With the two guys still holding him on the ground, the gunman holstered his pistol and unsheathed his fixed blade knife. With a quick swipe, he delivered an unexpected quarter-inch gash on the back of Kolt’s head, cutting a three-inch hole in the black hood.

“Motherfuckers!” Kolt screamed as much for the pain as for the surprise. Instinctively, he turned around and lunged for the knife man, grabbing his assault vest and finding his M4 hung in front of his chest. Blind to his surroundings, Kolt maintained his grip on the operator’s vest, just below the armpit, and delivered a palm strike to the chin, but he couldn’t shake the right hand grip on his own collar.

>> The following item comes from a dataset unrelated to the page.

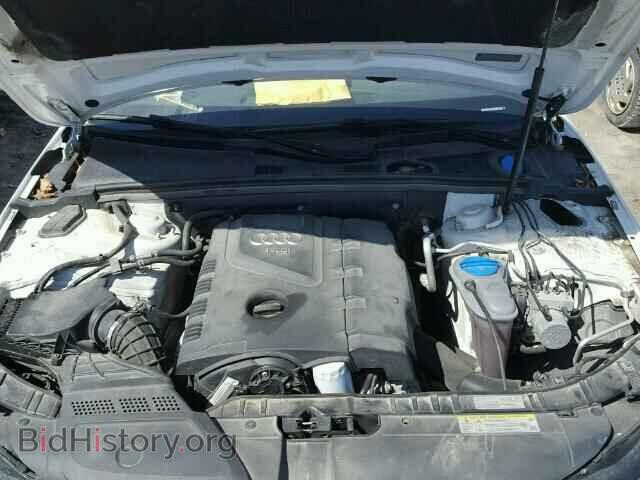 2013 AUDI A4 - VIN: WAUBFCFL2DN042685 - Фото 7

In an instant, Kolt grabbed a handful of his opponent’s right sleeve to control his elbow while punching in a high grip with his right hand to control the left shoulder. Using both tight grips, Kolt pulled himself up and into his opponent as he planted his left foot on the operator’s right hip. Kolt launched into the air, thinking standard arm lock by simply falling backward to the ground while controlling an arm. Kolt sensed the operator was skilled in jiujitsu, feeling him crouch to counter the attack. This keyed Kolt to remain high, rotate his body counterclockwise around the man’s head, and push hard off the man’s right hip. Now practically sitting on top of the man’s shoulders, from behind Kolt leaned forward and locked in a triangle with his legs around the man’s upper body. Kolt and his opponent were locked now together, where Kolt goes, so goes his adversary.

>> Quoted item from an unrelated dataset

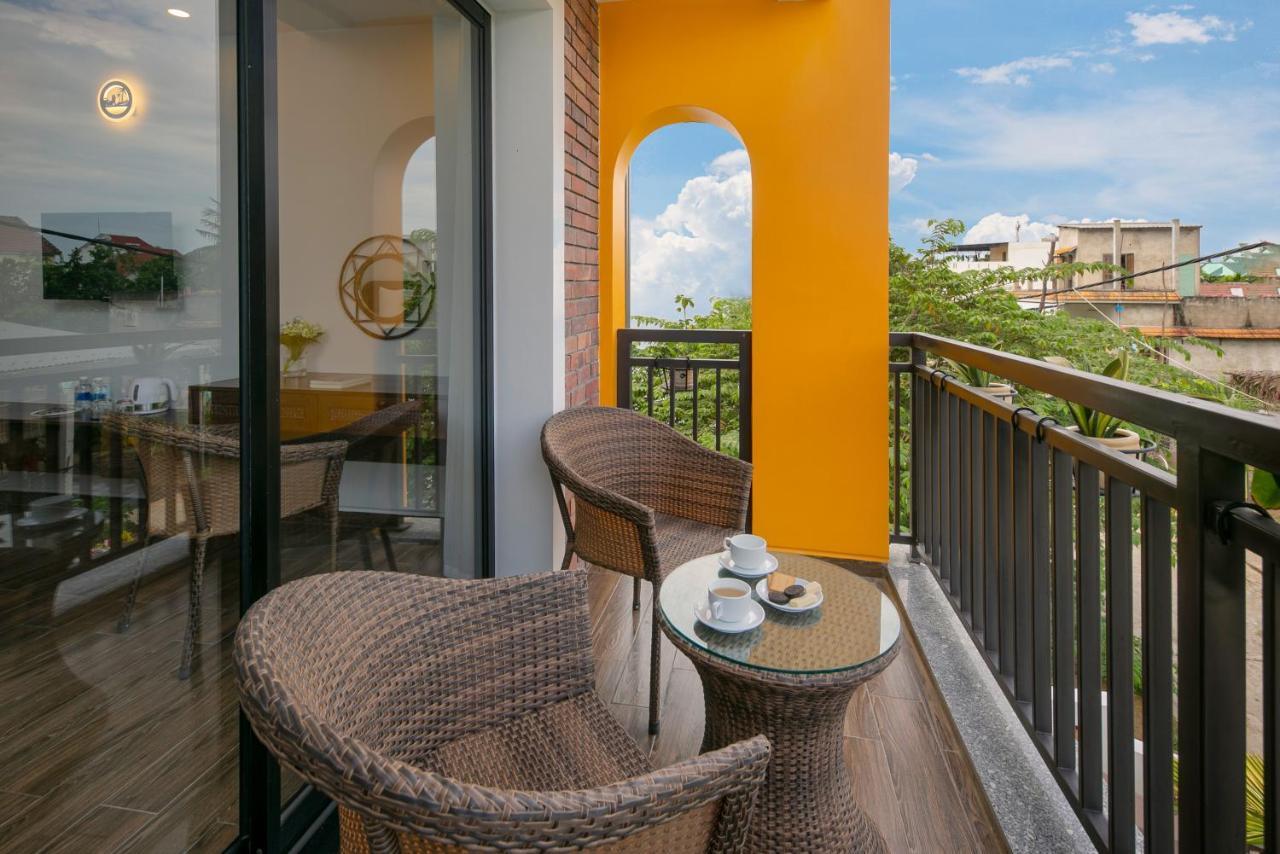 Villa Blake Hội An Ngoại thất bức ảnh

Kolt let his body weight carry him forward, dropping his head between his opponent’s legs. With Kolt now upside down but facing his opponent, he executed a forward roll while reaching back to grab the man’s right ankle. Kolt now could control the roll as they both tumbled, executing a complete forward roll locked in unison. The flying reverse triangle is a risky move, particularly when you are hooded and in the dark. Kolt was about to stick it, but, to lock in the submission, he tightened the crook of his right leg over his left foot, pulled the operator’s leg into his body, and arched his hips forward.